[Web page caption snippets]
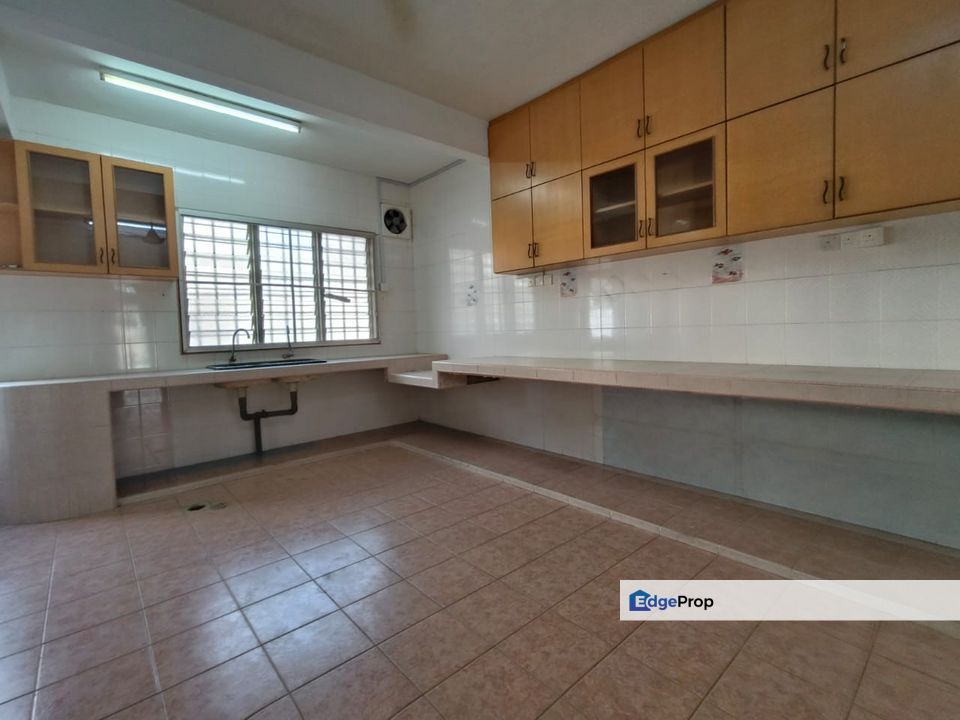 Taman Kepong Double Storey End Lot House For Sale, Kuala Lumpur, Kepong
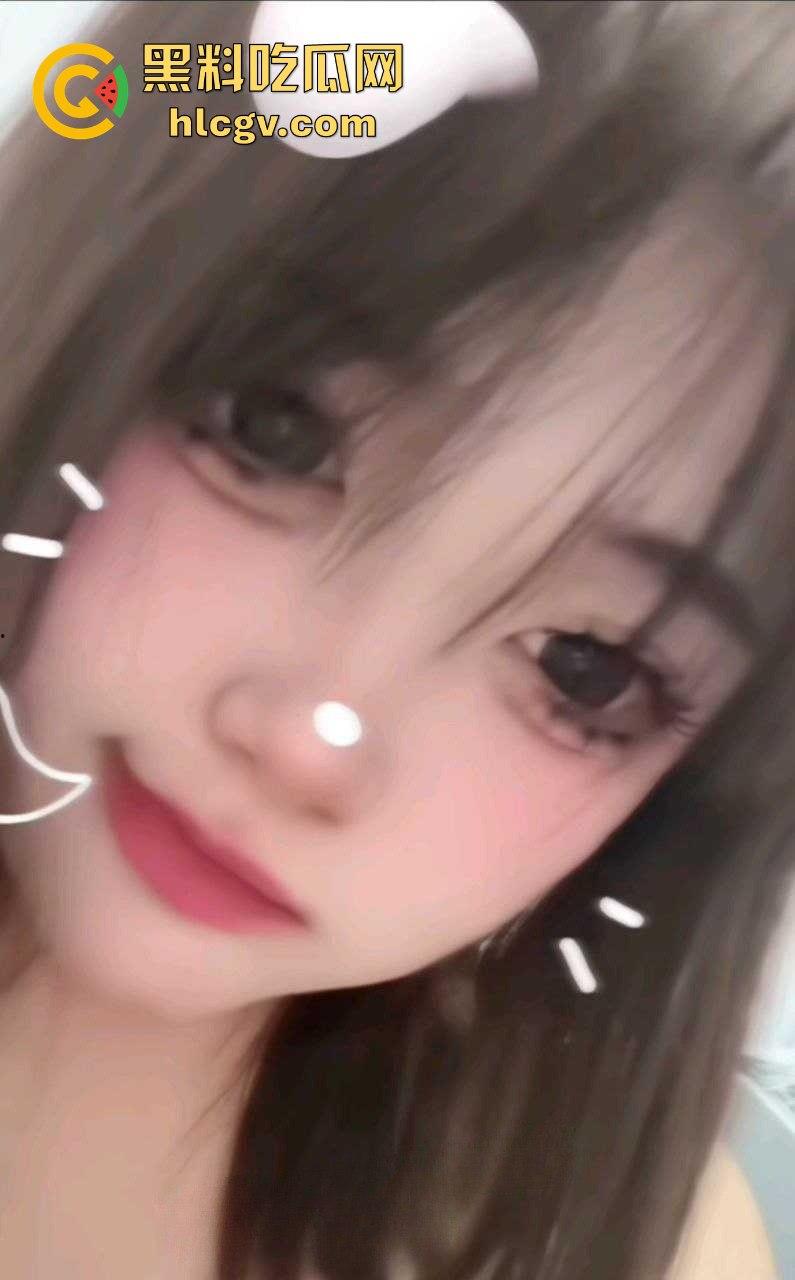 抖音巨乳骚主播『小悔不悔』销号跑路!网络卖骚求操,巨乳荡妇消失前最后的疯狂!-2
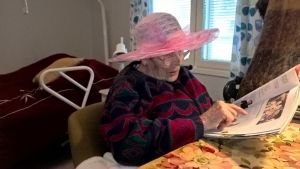 Kyllikki Bergström är 103 år och älskar sin sommarhatt. En gammal dam med en vacker hatt på.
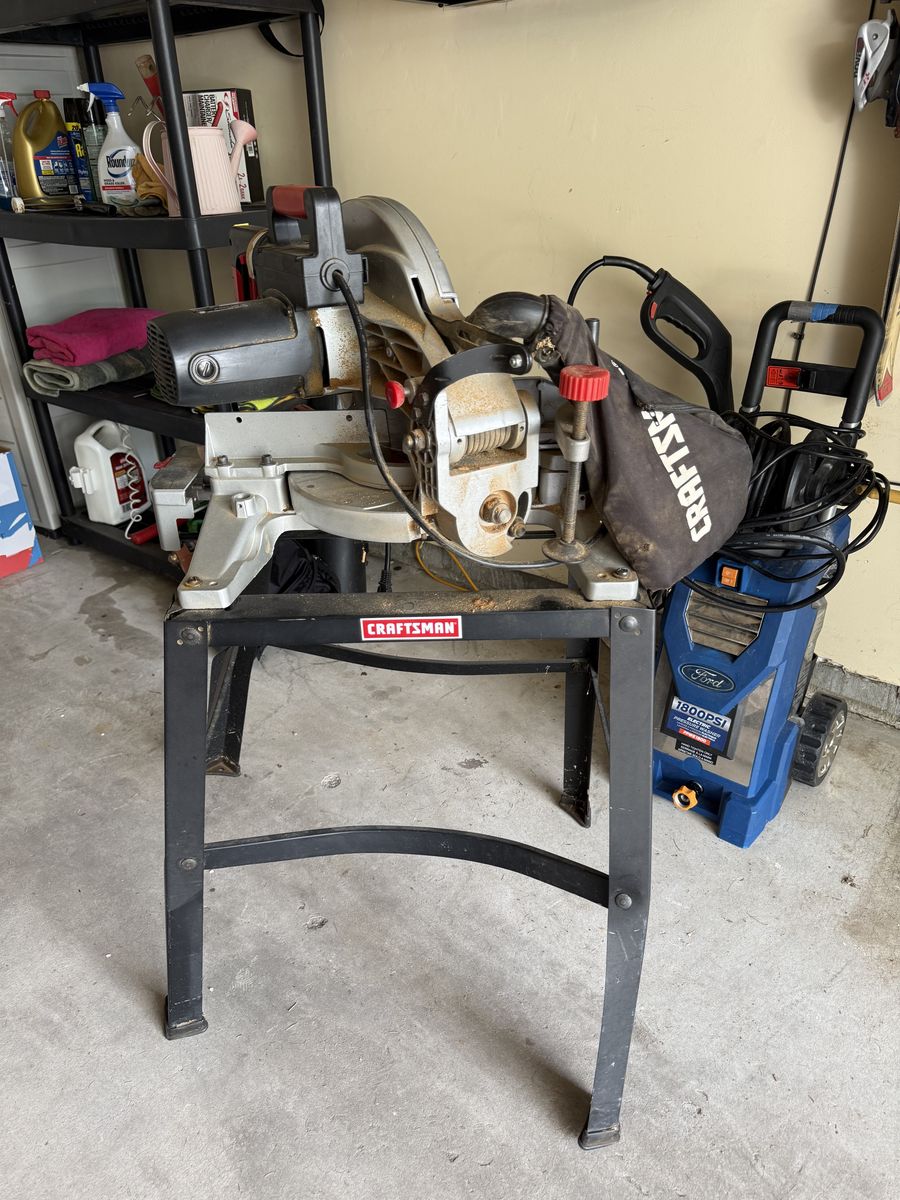 Craftsman 10" Laser Compound Miter Saw With Stand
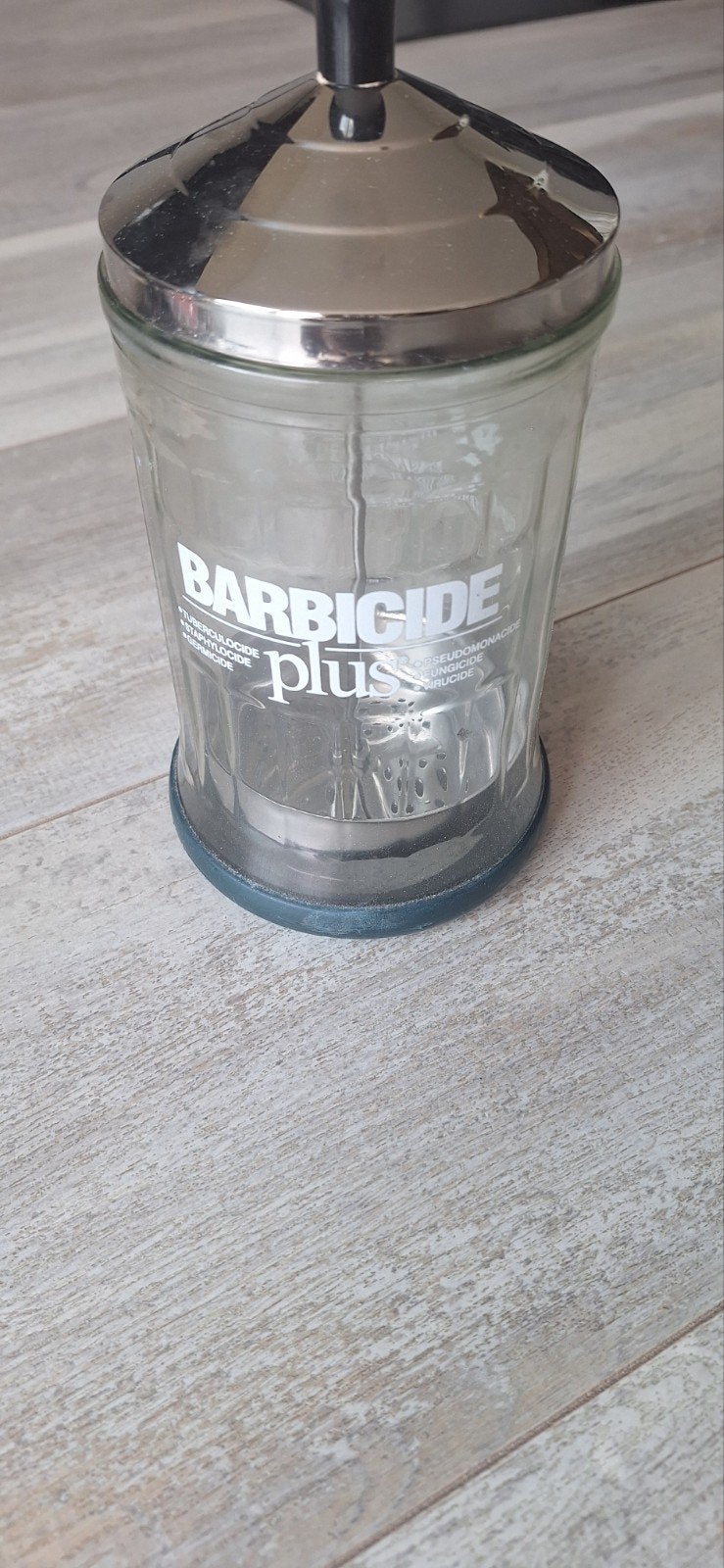 Barbicide Plus Desinfectiepot voor nagelstylistes en kappers, Ophalen of Verzenden, Gebruikt, Overige typen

- YOUR OBJECTIVE
Say again, exactly, only those lines of the records that run from the start through the line with "Saw With Stand". Pictures are to be skipped.

- RESULT
 Taman Kepong Double Storey End Lot House For Sale, Kuala Lumpur, Kepong
 抖音巨乳骚主播『小悔不悔』销号跑路!网络卖骚求操,巨乳荡妇消失前最后的疯狂!-2
 Kyllikki Bergström är 103 år och älskar sin sommarhatt. En gammal dam med en vacker hatt på.
 Craftsman 10" Laser Compound Miter Saw With Stand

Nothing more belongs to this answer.